I cannot lie, I really struggled in school. I was dedicated to my French courses and really tried my hardest is Scientific Reasoning, twice! I had a terrible time with Finite Mathematics and philosophical logic problems. Languages were my thing. Had I had the psychiatric medications in college perhaps I would have been able to cope better. And I would have done even better had i met with a regular therapist to learn ways to handle a full-time management job while juggling courses. I started to panic about accruing debt and eventually walked away from academia with an Associates Degree to join the work force full time. Plus I didn't know what I wanted to do. All I knew is I wanted to speak French well enough to get myself over to France.
And by golly I did just that.
After some soul searching, I reached out to an old professor about returning to school. I asked him for advice and he told me honestly and bravely that academia isn't all that it's cracked up to be. I don't know if I entirely agree with that, but I do know how uh, snobby or self-righteous certain highly-educated people can act.
I have learned a lot in life, often in a pragmatic fashion. Experience can be just as an effective learning method as textbook knowledge sometimes. Knowledge is power and obviously learning from the masters is essential. But I do feel strong evidence of what unique experiences have taught me about sociology, the arts, and especially the ethics of psychology and psychiatry.

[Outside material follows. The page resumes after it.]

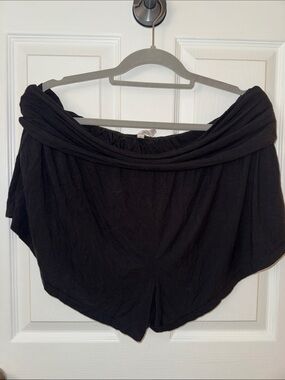 Athleta Black fold over bamboo material Athletic Lounge Shorts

I'm still learning, and I will never stop wanting to learn more. I may not have dedicated my life to university academics, but I'd be open to take a few courses here or there and incorporate life lessons with new studies. I can't afford to not work full time to dedicate my time to a full-fledged return, but if I could manage it somehow, I would.
If I don't get there, I've learned how to see the positives in any situation. I appreciate my current position and the space I've been given to create a unique experience to share with others. It's a lesson in building something good, becoming anchored with community, and while I may have to deal with an occasional judgmental personality (which is HER or HIS problem not mine), a majority of the people are kind, friendly and really lovely to speak with regularly. I'm grateful for those people.